« 1 in 100 U.S. Adults Behind Bars, Pew Study Says | Main | MS: Senate OKs Bill for 3000 more cages »
February 29, 2008
CT: Education Falls Below Prisons In State Budget
Education Falls Below Prisons In State Budget
By Julie Wernau, The Day
Published on 2/29/2008
Connecticut is one of four states in the nation spending more money on its prison system than on higher education, according to a Pew Charitable Trusts study released Thursday.
The study, “One in 100: Behind Bars in America 2008,” gets its name from the number of adult Americans currently incarcerated.
In Connecticut, taxpayers pay $1.03 toward prisons for every $1 spent on higher education. In the Northeast as a whole, from 1987 until the present, inflation-adjusted spending on higher education dropped 5.5 percent while prison spending rose 61 percent, according to the Pew findings.
“We didn't just wake up this morning and find ourselves here,” said Adam Gelb, project director for Pew's Public Safety Performance project. “This is a milestone that the nation has been approaching for a long time.

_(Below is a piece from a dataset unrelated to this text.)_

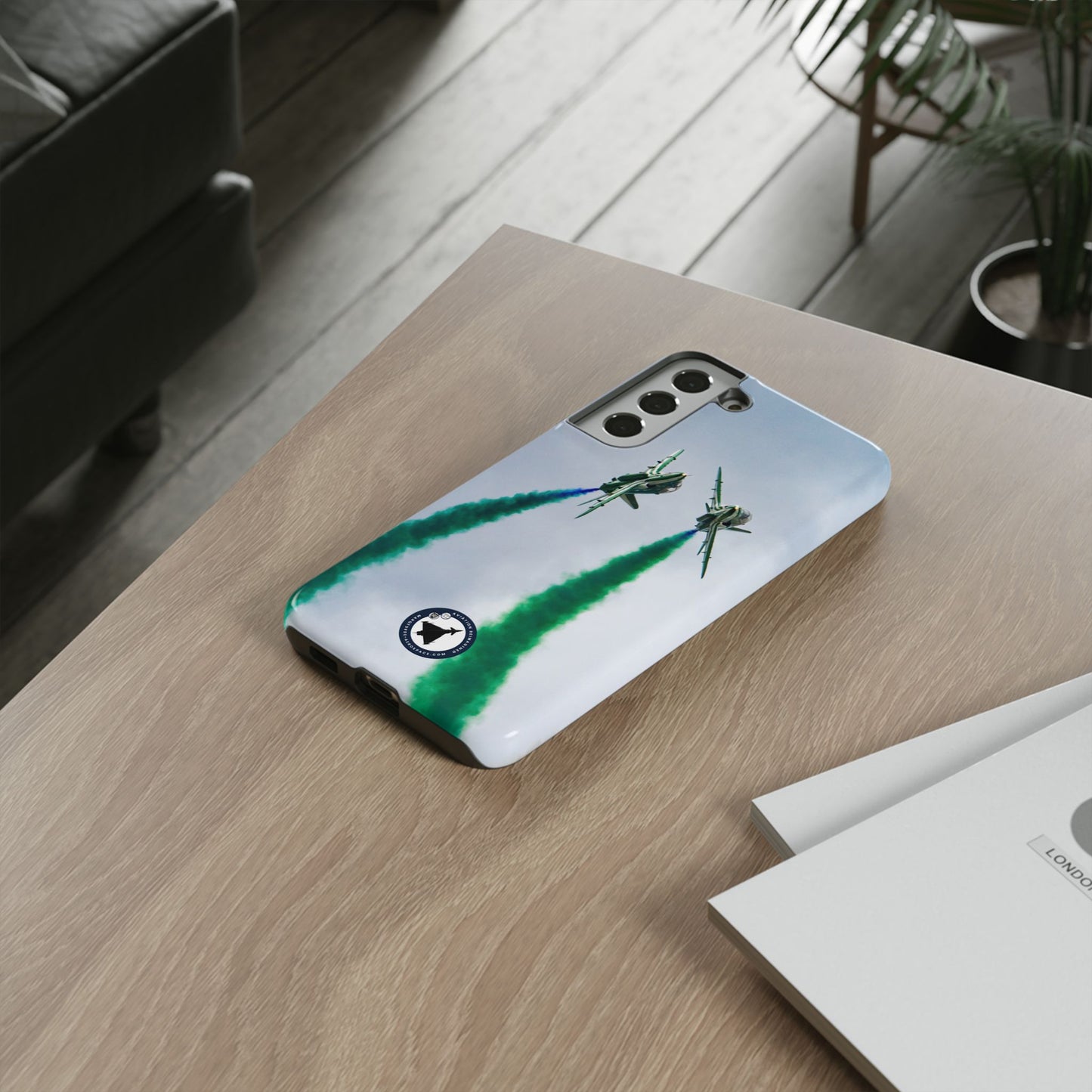 Aviation Collector’s Royal Saudi Hawks Samsung Tough Case – Limited Edition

Getting tough on criminals has gotten tough on taxpayers.”
The nationwide prison count has tripled since 1987, and the cost of imprisonment — about $86 per inmate per day in Connecticut, according to the state Department of Correction — has the potential to crowd out other pressing needs, said Susan Urahn, managing director for Pew Center on the States.
“States will need to make choices,” Urahn said. “Not necessarily between corrections and higher education, but between corrections and something.”
The Pew study found that public-safety initiatives like three-strikes laws, harsher sentencing laws and mandatory prison time for those who violate parole and probation, in addition to an aging prison population, have contributed to more Americans being incarcerated than at any other time in history.
“It's obviously troubling that our state is spending more locking people up than it is providing them with education,” said state Rep. Andrew M. Fleischmann, D-West Hartford, co-chairman of the legislature's Education Committee.
Fleischmann believes that if more people had access to higher education, fewer of them would be in prison.
In Georgia — a state that spends 50 cents on its prisons for every $1 spent on higher education — a scholarship program called HOPE (Helping Outstanding Pupils Educationally) provides free tuition and money for books to students with at least a 3.0 grade point average who are seeking a college degree from a Department of Technical and Adult Education or University System of Georgia institutions.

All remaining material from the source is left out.